IC review17 Sep 2022 10:52
Arcontech’s compelling value opportunity
Operating profit beats forecasts by 8 per cent
Net cash up 12 per cent to £6mn (45p a share)
Annual dividend realised 18 per cent to 3.25p a share
Aim-traded financial software provider Arcontech (ARC:82p) beat house broker FinnCap’s operating profit forecasts by 8 per cent, albeit they had been downgraded last autumn after one customer decided to scale back its market data spend, and another decided not to renew its contract because it is switching to a solution in a legacy, bundled contract.
Adjusted operating profit of £0.87mn was still a fifth below the prior year result on 9 per cent lower revenue of £2.76mn, but the fact that the board lifted the dividend 18 per cent to 3.25p a share and issued an upbeat trading outlook is well worth noting. That’s because several years of inactivity during the Covid-19 pandemic (at many of the company’s clients and prospects) has created pent-up demand and a robust pipeline of contract opportunities.
Although conditions remain uncertain, as economies globally face well-documented challenges, Arcontech’s directors are “confident that some of the current interest will be converted to firm orders and start to build back the revenue lost during the pandemic”. Also, as rivals push through price increases, Arcontech is well-placed to capitalise by offering its expanding range of solutions at attractive prices.
So, although FinnCap conservatively pencils in current-year revenue of £2.65mn to factor in a full 12-month impact from last autumn’s contract losses, analysts at the brokerage “see substantial upside” to their forecasts and note that Arcontech’s operational leverage means that it could drive double-digit growth to operating profit estimates of £0.65mn. Furthermore, the company is a prodigious cash generator, delivering £0.97mn of free cash flow in the 2021-22 financial year, implying a free cash flow yield of 8.8 per cent, and boosting net cash to £6mn (45p a share), a sum equating to more than half its £11mn market capitalisation.

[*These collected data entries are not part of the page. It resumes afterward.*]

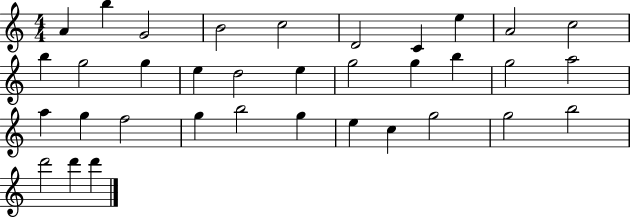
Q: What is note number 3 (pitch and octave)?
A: G4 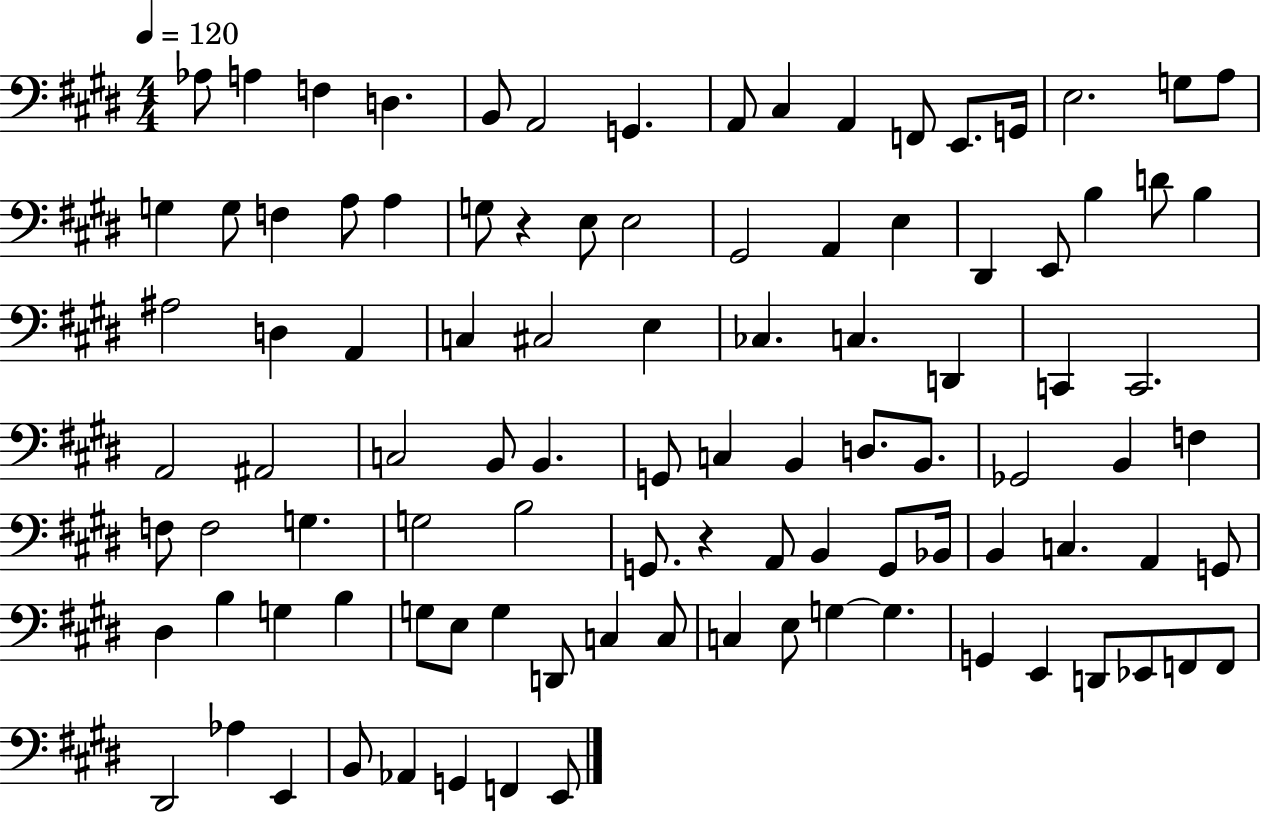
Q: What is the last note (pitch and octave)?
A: E2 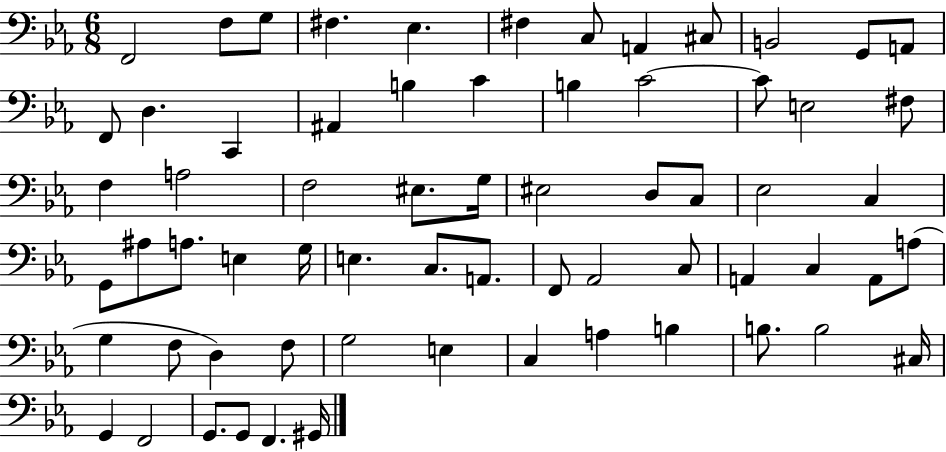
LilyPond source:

{
  \clef bass
  \numericTimeSignature
  \time 6/8
  \key ees \major
  \repeat volta 2 { f,2 f8 g8 | fis4. ees4. | fis4 c8 a,4 cis8 | b,2 g,8 a,8 | \break f,8 d4. c,4 | ais,4 b4 c'4 | b4 c'2~~ | c'8 e2 fis8 | \break f4 a2 | f2 eis8. g16 | eis2 d8 c8 | ees2 c4 | \break g,8 ais8 a8. e4 g16 | e4. c8. a,8. | f,8 aes,2 c8 | a,4 c4 a,8 a8( | \break g4 f8 d4) f8 | g2 e4 | c4 a4 b4 | b8. b2 cis16 | \break g,4 f,2 | g,8. g,8 f,4. gis,16 | } \bar "|."
} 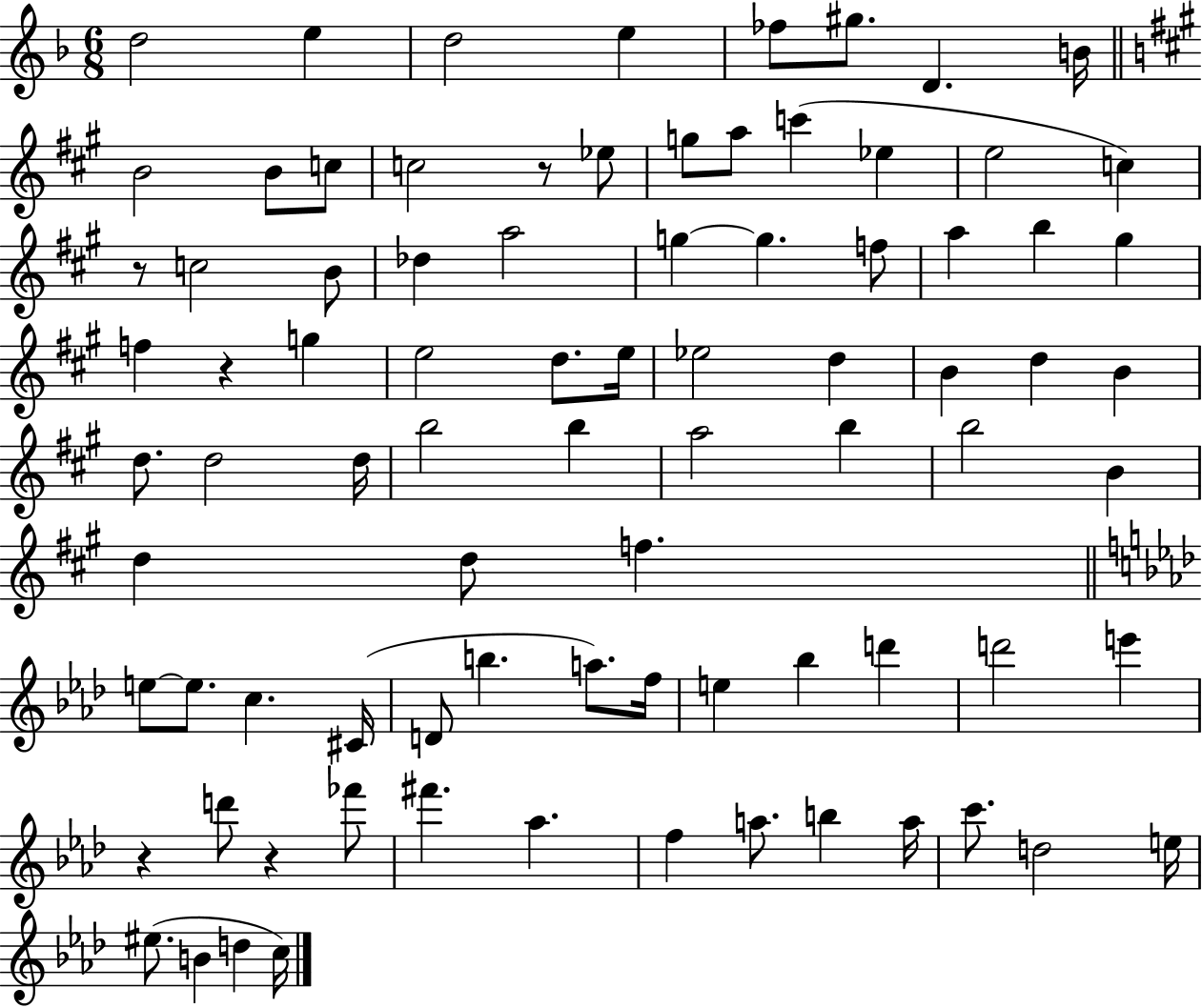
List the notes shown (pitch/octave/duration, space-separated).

D5/h E5/q D5/h E5/q FES5/e G#5/e. D4/q. B4/s B4/h B4/e C5/e C5/h R/e Eb5/e G5/e A5/e C6/q Eb5/q E5/h C5/q R/e C5/h B4/e Db5/q A5/h G5/q G5/q. F5/e A5/q B5/q G#5/q F5/q R/q G5/q E5/h D5/e. E5/s Eb5/h D5/q B4/q D5/q B4/q D5/e. D5/h D5/s B5/h B5/q A5/h B5/q B5/h B4/q D5/q D5/e F5/q. E5/e E5/e. C5/q. C#4/s D4/e B5/q. A5/e. F5/s E5/q Bb5/q D6/q D6/h E6/q R/q D6/e R/q FES6/e F#6/q. Ab5/q. F5/q A5/e. B5/q A5/s C6/e. D5/h E5/s EIS5/e. B4/q D5/q C5/s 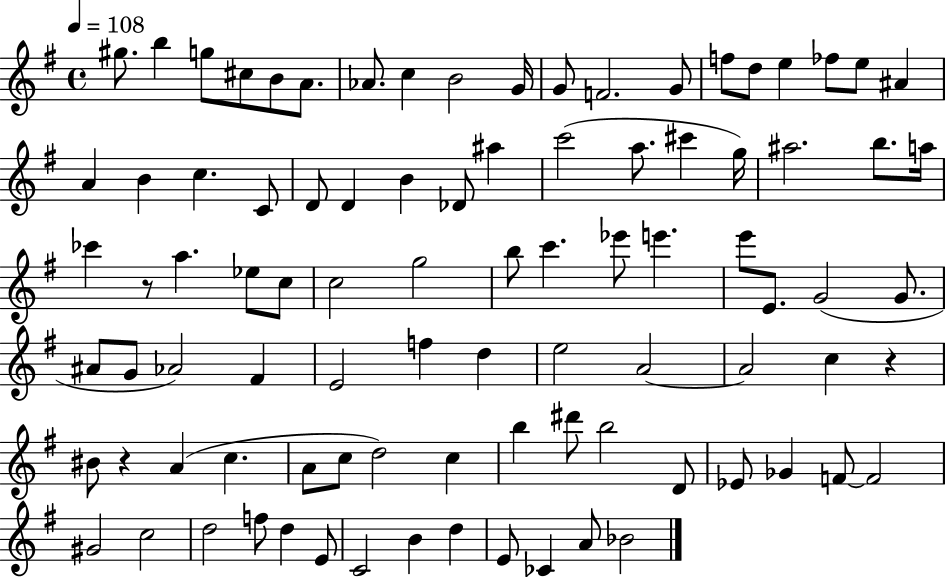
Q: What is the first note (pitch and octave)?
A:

The bumper cash flow performance enabled the board to raise the payout per share by 18 per cent to 3.25p, declared from adjusted earnings per share (EPS) of 6.5p. On this basis, the shares are priced on a cash-adjusted PE ratio of six and offer a dividend yield of 3.9 per cent. FinnCap believes that the dividend could be hiked to 3.6p a share in the current financial year without making a dent in the cash pile. This is based on an ultra-conservative EPS estimate of 4.9p, implying the shares offer a prospective dividend yield of 4.4 per cent and are priced on a cash-adjusted forward PE ratio of 7.5.